秦兰芽心情低落,觉得对她讲实情也帮不上啥忙。淡淡地说:“他不在,不用谢。他是个热心肠,别挂在心上。”

孙玉梅把手中用布包着还冒热气的东西塞给她,转身跑出庙门。秦兰芽闻到一股香味,揭开布一看是碗热乎乎、香喷喷的煮黄豆。

抬水回来,淘气见案头放着一碗煮黄豆,小眼睛鼓得圆圆的,抓一把就往嘴里塞,嚼得津津有味。

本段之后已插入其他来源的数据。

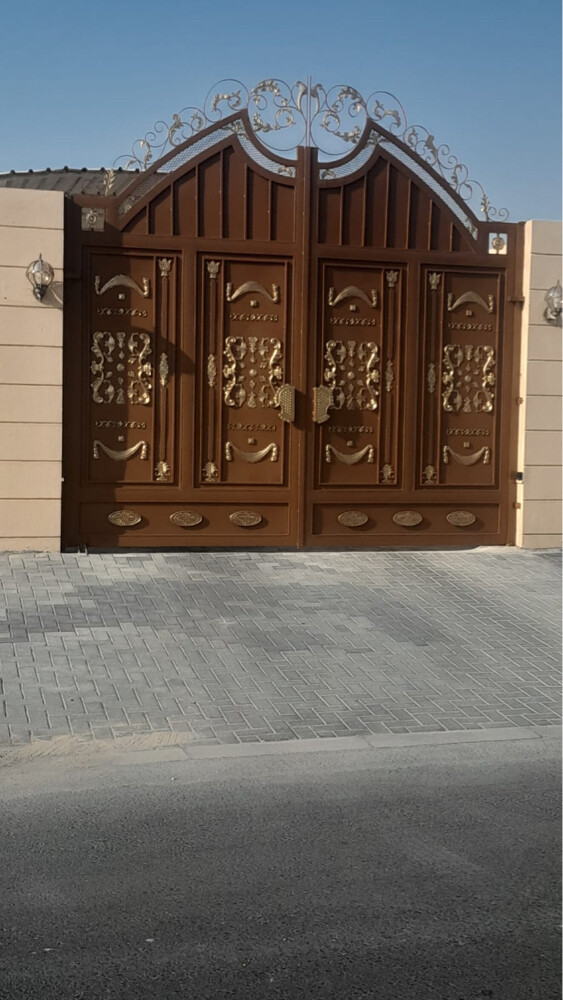 تشطيب وصبغ وصيانة الأبواب الحديد - 2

“别贪嘴。人家送你大师兄的,等他回来了再吃。”章婶拦住儿子。

秦冬笙问道:“是刚跑出门,穿红色上衣的那个女子?”

“就是她。”章婶答了话,又忙活起来。

“是不是她也看上大师兄了?”淘气跳着,大惊小怪地说道。

“别胡说。”章婶转过来拍了儿子一把,生怕秦兰芽听到,朝外张望。

早饭,大家都没胃口,谈论着救崔春茗的法子。正在这时,只见管家汪福领着个媒婆,并和几个抬聘礼的伙计涌进庙门,一反常态地对人媚笑。“秦班主,恭喜,恭喜……”

一班人都围上来。秦之贵疑惑相迎,不解地问道:“管家老爷光临,蓬荜生辉,但不知喜从何来?”

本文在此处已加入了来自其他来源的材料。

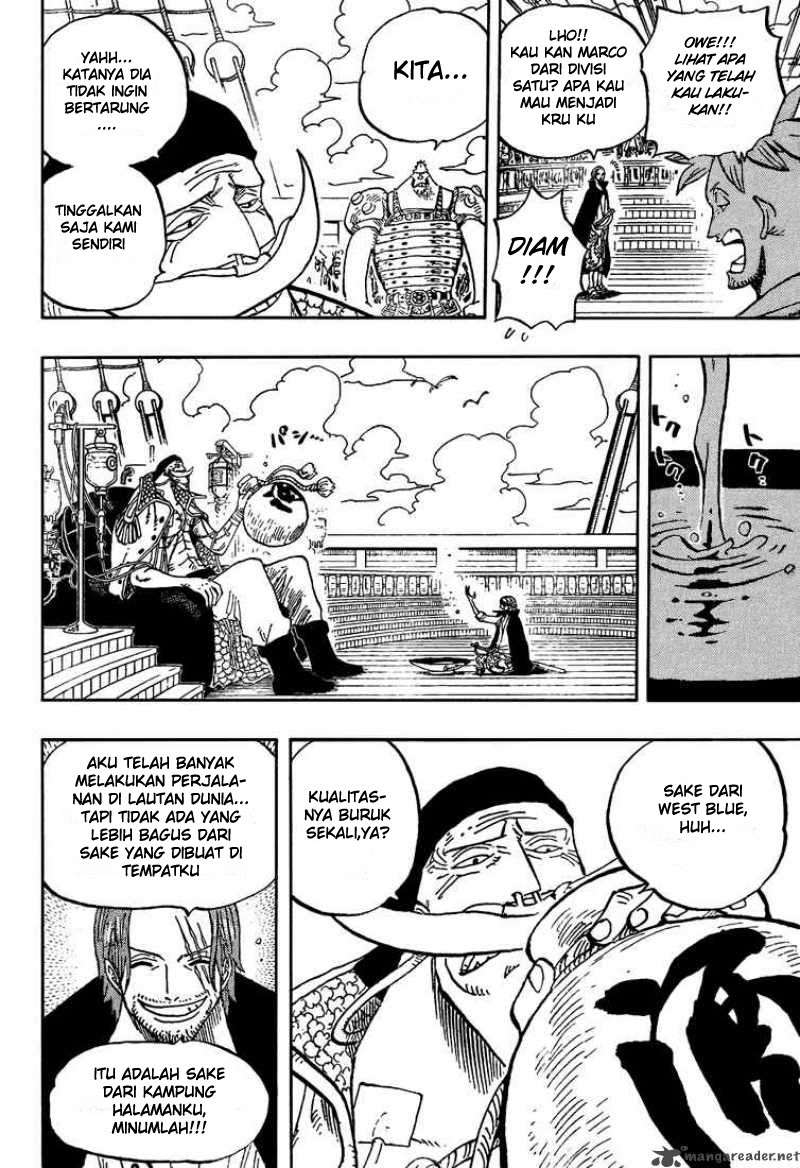 One Piece Chapter 434 - 109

不等汪福回答,媒婆花言巧语吹翻了天:“汪老太爷可是位财神爷。孙少爷汪慧一表人才,人见人爱。你女儿要能攀上孙少爷,进门便是少奶奶。从此就过上不愁吃、不愁穿的富贵日子……”

秦之贵听明白了,好气又好笑。秦兰芽气青了脸,恨不得撵走这伙可恶的奴才。